The intangible and less measurable factors are around us too. Back to sentiment: to what extent do Bahrainis across the spectrum feel that the country is a good place to bring up children, get a job, start a business, speak freely, influence the future of their country?
Put all these factors into the mix, and then you have a set of evidence that could inform the development of the country in a far more holistic way than the narrow confines of economic growth and even the wider dimensions of economic development.
But having a holistic view is all very well. What counts is creating the consensus that leads to effective action. And it’s clear that creating consensus depends not just on leaders but on leadership – at every level.
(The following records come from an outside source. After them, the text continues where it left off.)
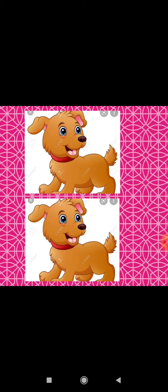Next figure is of dog. Aap sab ko dog pasand hai? See — first picture of dog and second picture of dog are look alike, are same. Dono ek jaisa hai.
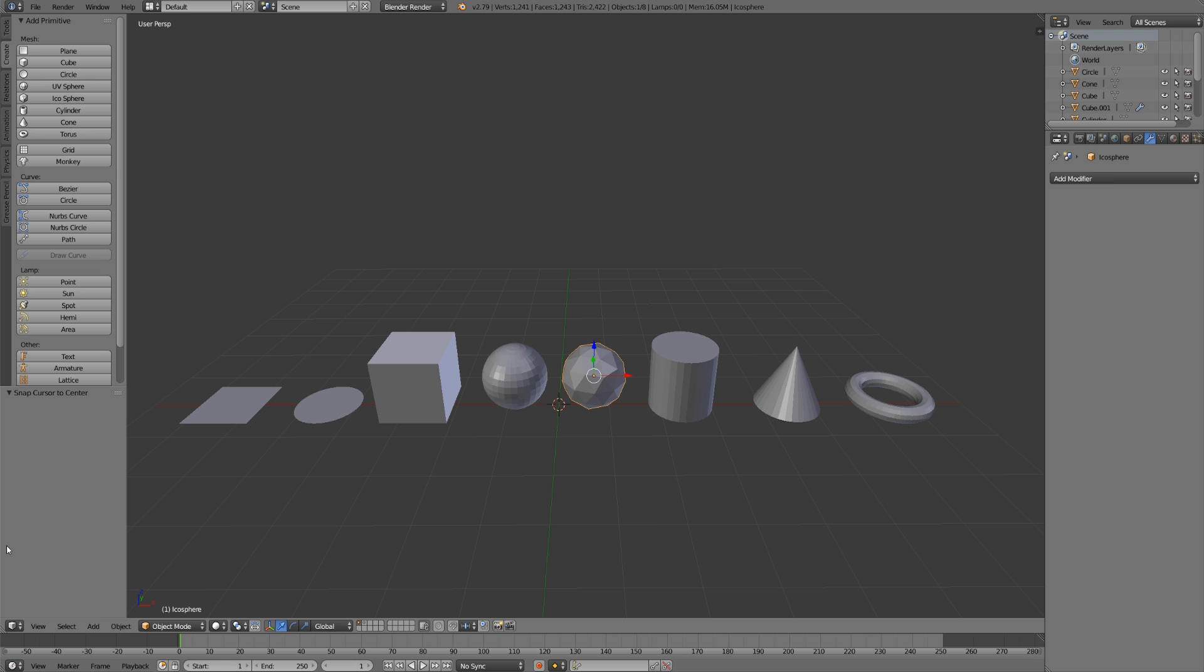For example, if we take this cone here, if we delete the top vertex, turn the circle on the bottom on its side, and spin that around, we would have a torus. If we added a lot of vertices to this plane here and then smoothed that out, we would have something like a circle.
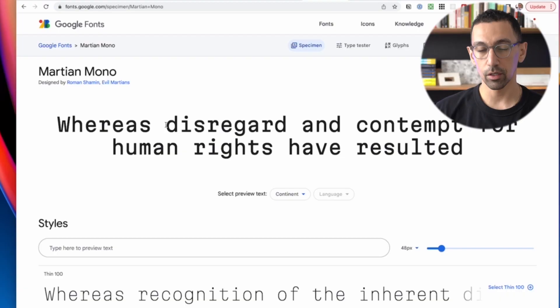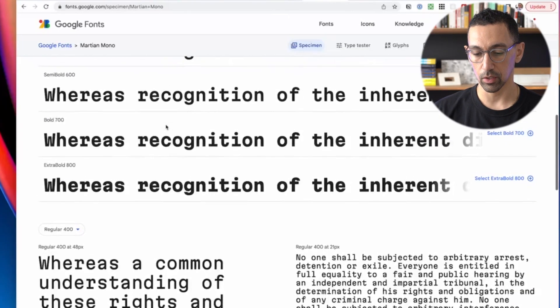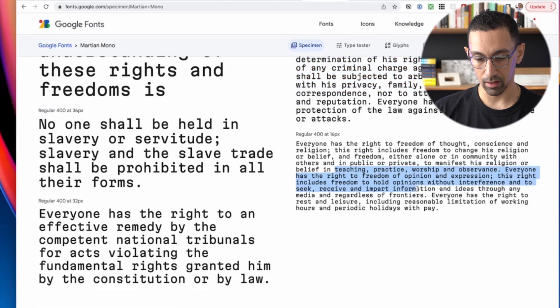Mono. We're going to go through a few mono fonts. This is Martian Mono — a really cool font. If you're doing something like an agency or anything creative, it could be a really cool font to use in a body context.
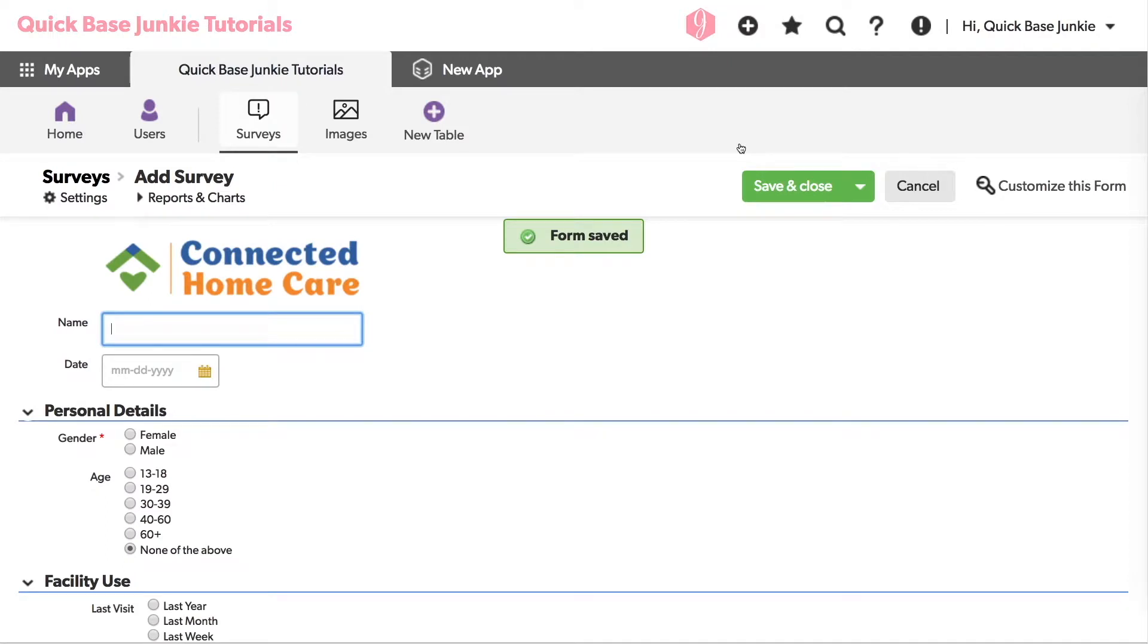Ah, that's looking better. Now it's just the right height and width, but I still want to move it a little to the left and separate it somewhat from that name field.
Not just on the acts of leaders but on sustained, long-term demonstrations of leadership within communities, interest groups and institutions.
Mindsets will have to change, both socially and politically. The elite will need to revisit the concept of ownership and levels of wealth distribution. Society will need to reconcile itself to lower or variable levels of entitlement, perhaps to less subsidies for those who don’t need them. The very scarcity of natural resources will force the country to make painful adjustments sooner rather than later, whereas other states in the region can afford to keep kicking that can down the road.
Consensus is in short supply in Bahrain right now. But I remain convinced that of all the countries in the Gulf Cooperation Council, this one has as good a chance as any in the long term to develop into a contented and prosperous society, even if the process will continue to be painful for some time to come.
You don’t need oil oozing from every hole in the ground, the tallest buildings in the world, the biggest airports and Maserati police patrol cars to achieve a modicum of national happiness.